La meta de nuestro crecimiento hacia la madurez espiritual fue declarada
por el apóstol Pablo, al decir: “hasta
que todos lleguemos a la unidad de la fe y del conocimiento el hijo de Dios, a
un varón perfecto, a la medida de la estatura de la plenitud de Cristo” (Ef.4:13). La misma se puede resumir en
una frase: “llegar a ser totalmente como Cristo”.
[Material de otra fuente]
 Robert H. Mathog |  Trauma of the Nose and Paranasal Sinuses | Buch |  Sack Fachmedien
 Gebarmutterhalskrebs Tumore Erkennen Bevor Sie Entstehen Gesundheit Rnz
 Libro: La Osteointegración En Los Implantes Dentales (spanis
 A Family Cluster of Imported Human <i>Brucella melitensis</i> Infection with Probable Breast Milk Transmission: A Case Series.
Ahora bien, aunque nos falte muchísimo para alcanzarla, y a pesar de
saber de antemano que en esta vida presente no lo vamos a lograr plenamente, no
es justificación para mantenernos estancados o perder el interés en el
crecimiento espiritual. El propio Pablo se esforzaba cada día por avanzar hacia
la meta suprema. Recordemos sus trascendentales palabras a los filipenses:
“No que lo haya alcanzado ya, ni que ya sea
perfecto; sino que prosigo, por ver si logro asir aquello para lo cual fui
también asido por Cristo Jesús. Hermanos, yo mismo no pretendo haberlo ya
alcanzado; pero una cosa hago: olvidando ciertamente lo que queda atrás, y
extendiéndome a lo que está delante, prosigo a la meta,
al premio del supremo llamamiento de Dios en Cristo Jesús” (Fil.3:12-14).
Que nuestro Dios en su misericordia nos ayude a crecer
constantemente hacia la madurez espiritual.